DATA PROVIDED:
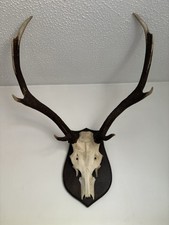 deer antler mounting plaque for sale deer antler mounting plaque for sale TADLEY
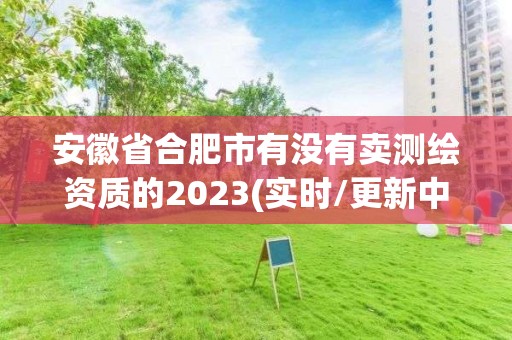 安徽省合肥市有沒(méi)有賣測(cè)繪資質(zhì)的2023(實(shí)時(shí)/更新中)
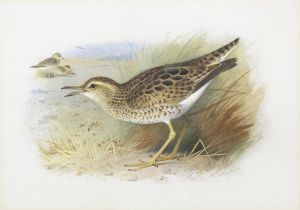 Bartram’s Plover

TASK REQUIREMENTS: Set down the material above exactly as written, but not the pictures.

WRITTEN ANSWER:
 deer antler mounting plaque for sale deer antler mounting plaque for sale TADLEY
 安徽省合肥市有沒(méi)有賣測(cè)繪資質(zhì)的2023(實(shí)時(shí)/更新中)
 Bartram’s Plover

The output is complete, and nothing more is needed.